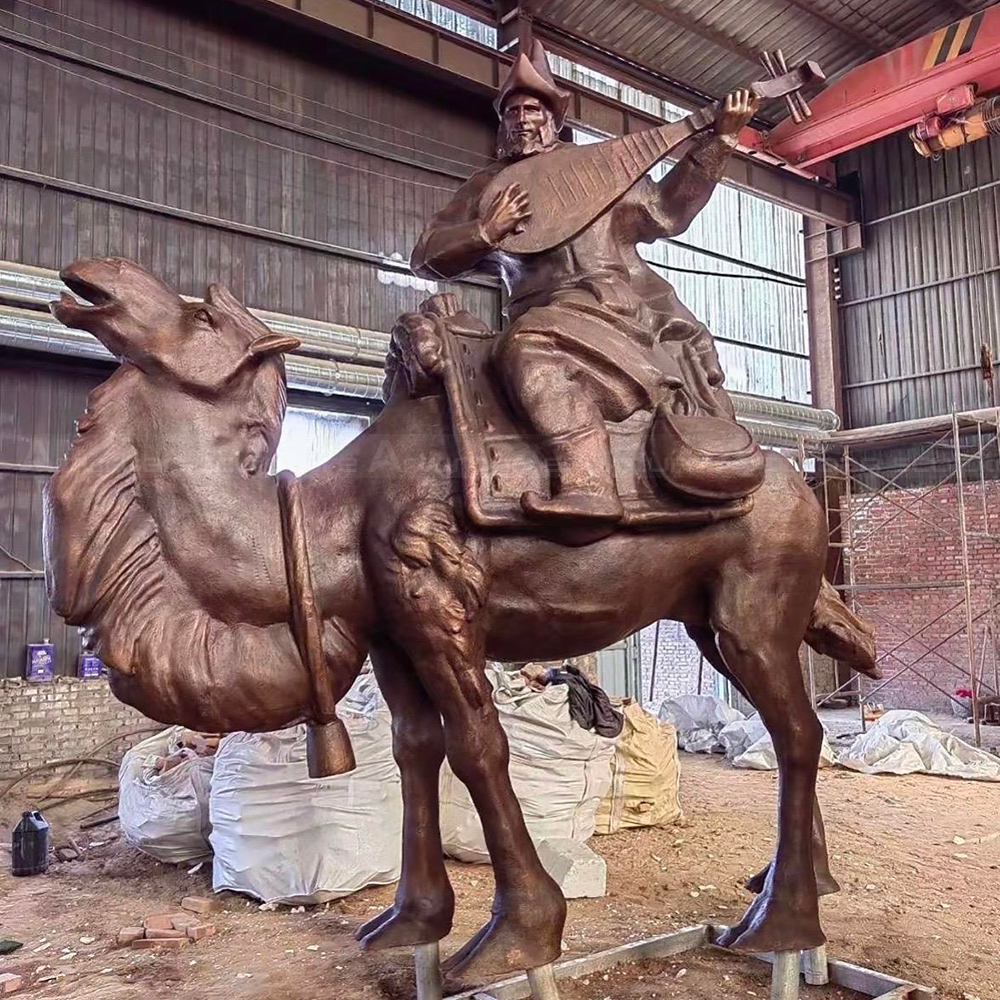 Bronze large camel statue with mounted musician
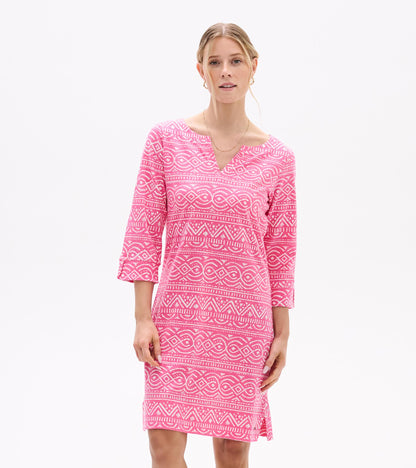Front view of pink Lily notch neck dress with white geometric line pattern and three-quarter sleeves
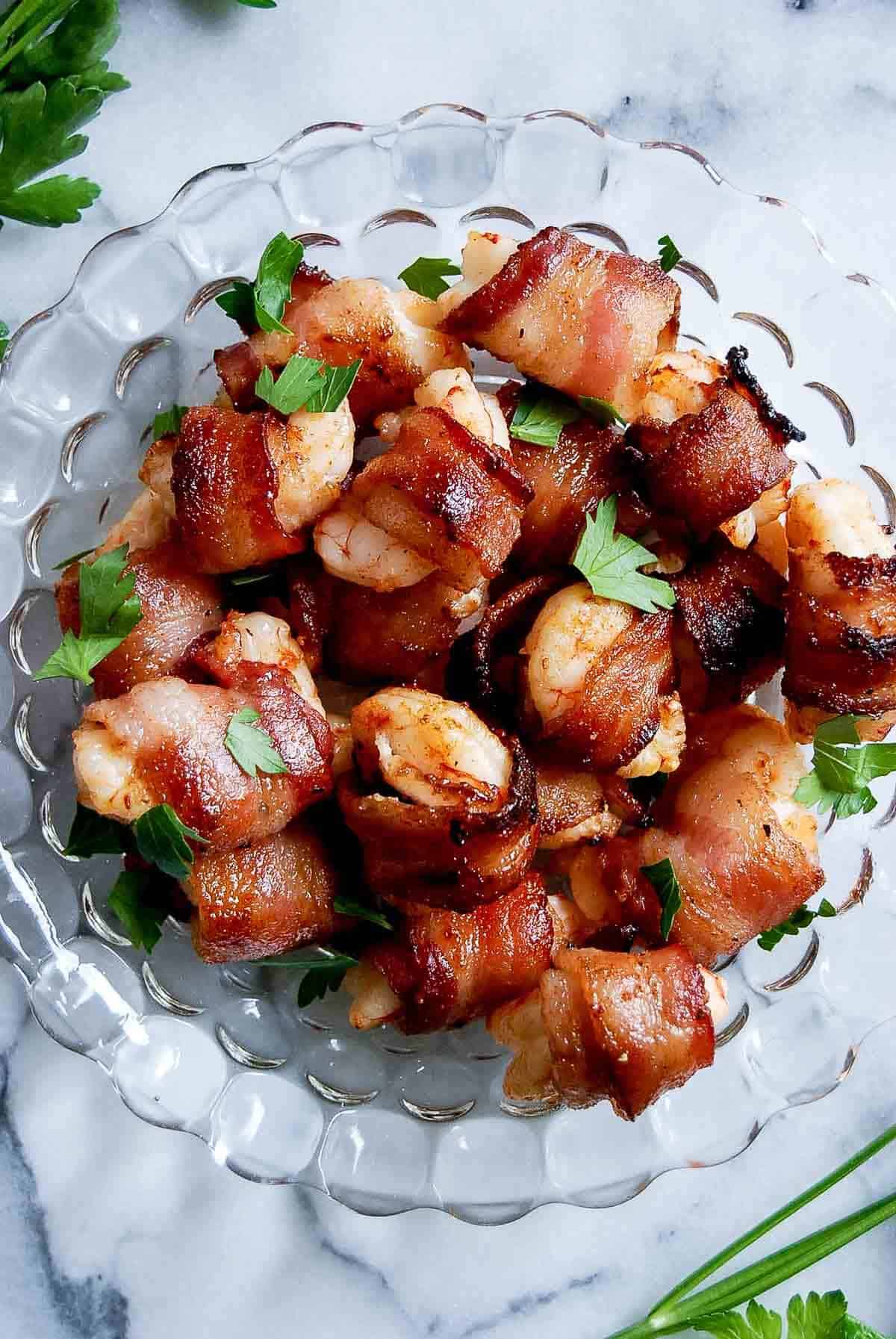 closeup of air fryer bacon wrapped shrimp.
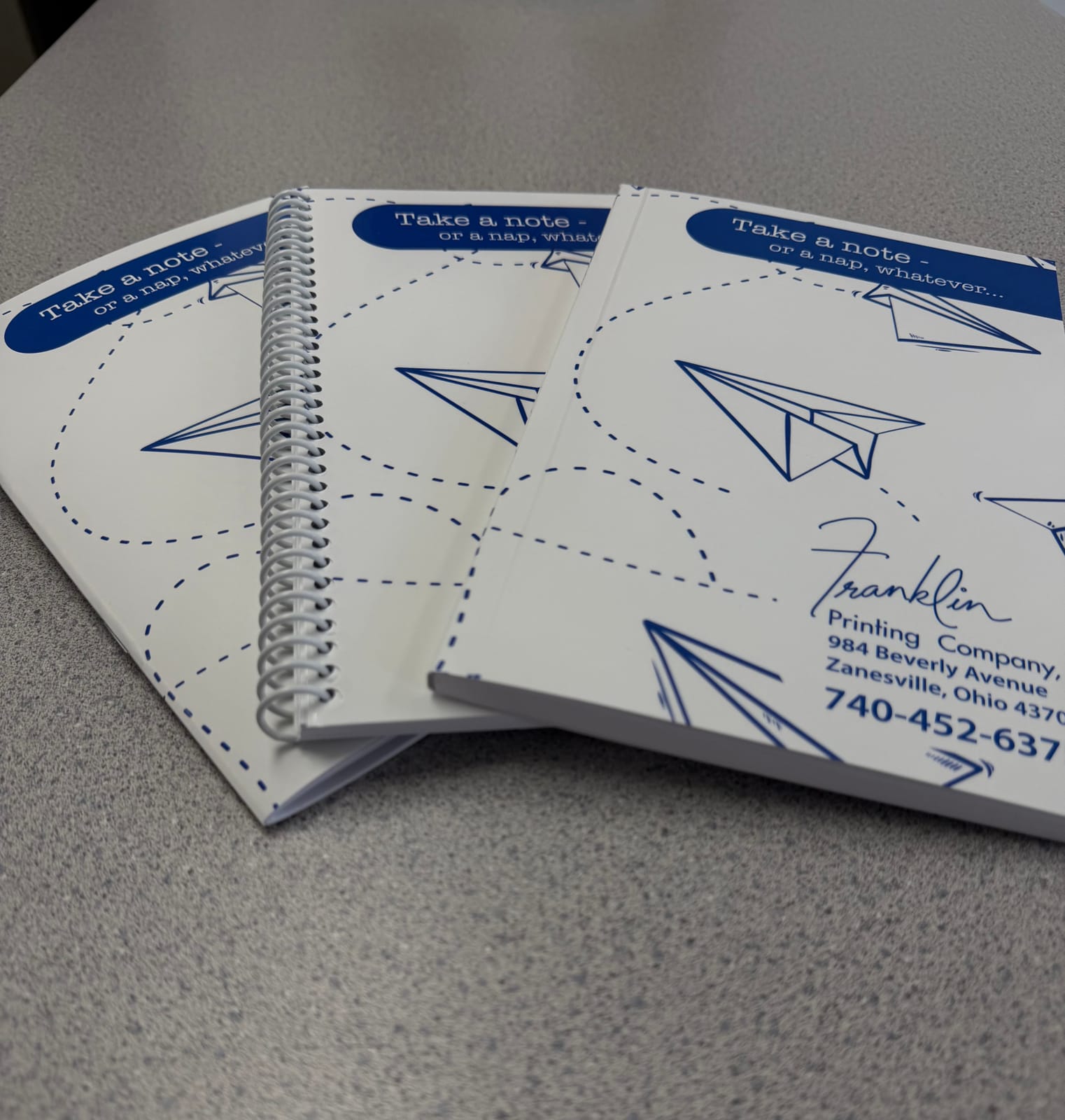 Three custom notebooks printed and bound at Franklin, fanned out on a worktop
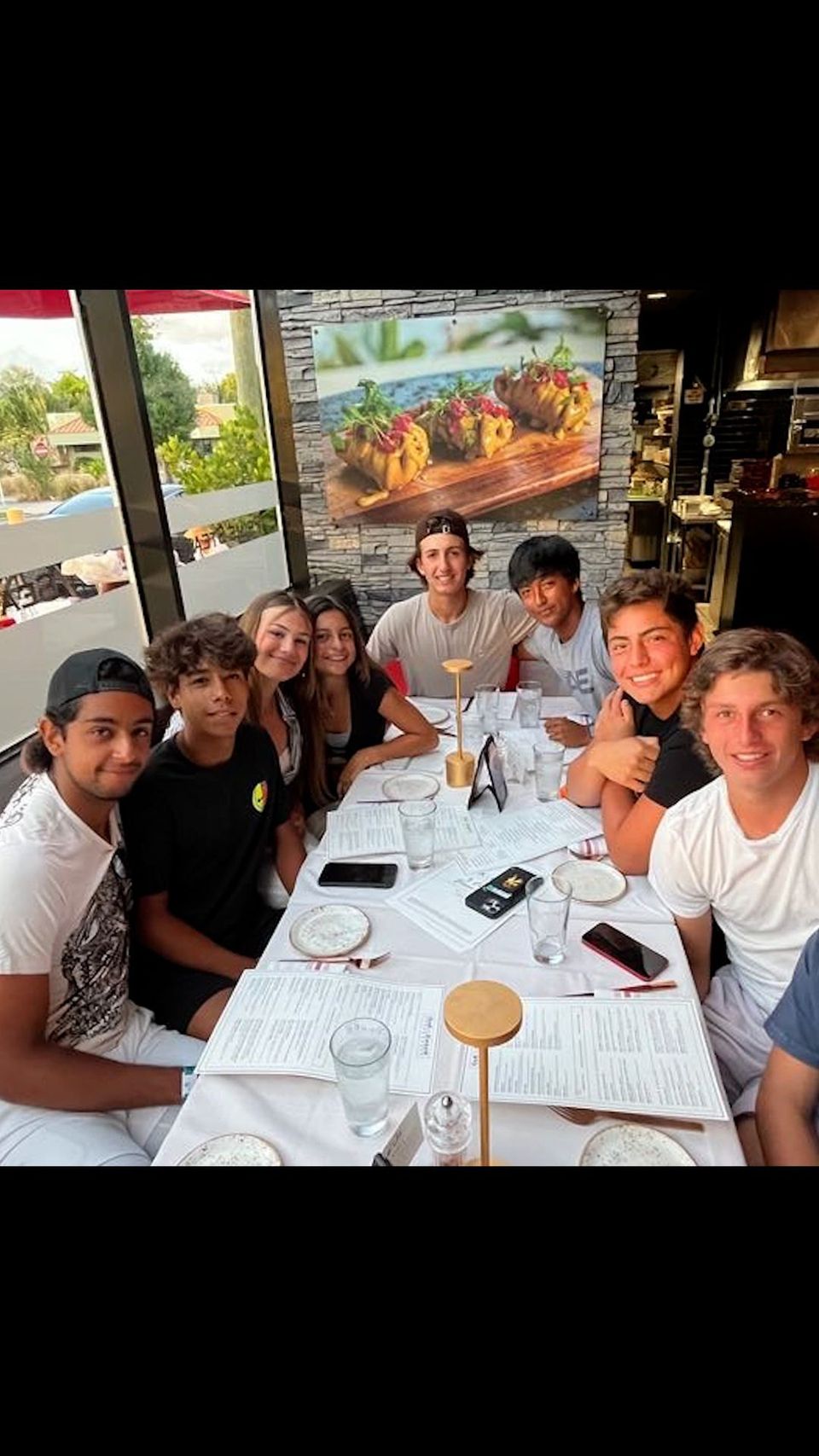 Grupo de alunos em um jantar de equipe em um restaurante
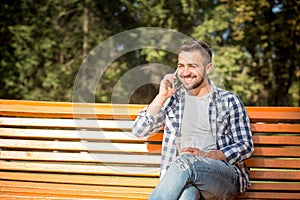 Young man speaking over mobile phone on the bench outdoors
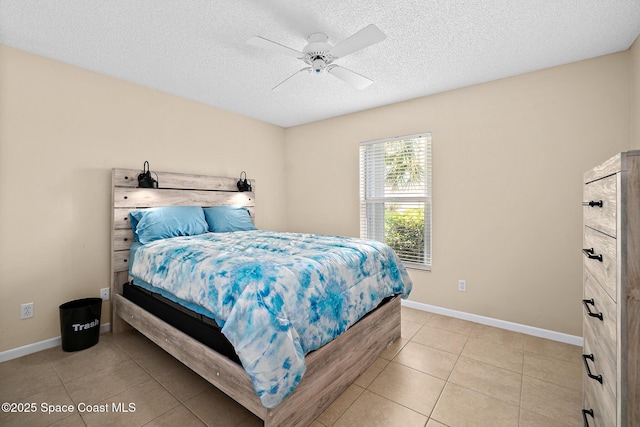 147 Ocean View Ln, Melbourne, FL 32903 - bedroom with a textured ceiling, light tile patterned floors, and ceiling fan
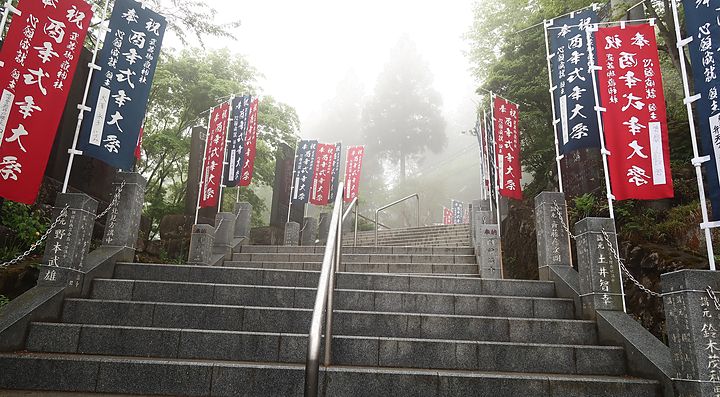Scala con bandiere colorate sul monte Mitake avvolta nella nebbia.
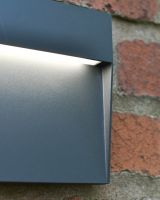 Close up of light detailing on garden wall light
******************************
Take the lines from the one that contains "147 Ocean View" through the last line of the material above and reproduce them exactly, leaving out any pictures.

 147 Ocean View Ln, Melbourne, FL 32903 - bedroom with a textured ceiling, light tile patterned floors, and ceiling fan
Scala con bandiere colorate sul monte Mitake avvolta nella nebbia.
 Close up of light detailing on garden wall light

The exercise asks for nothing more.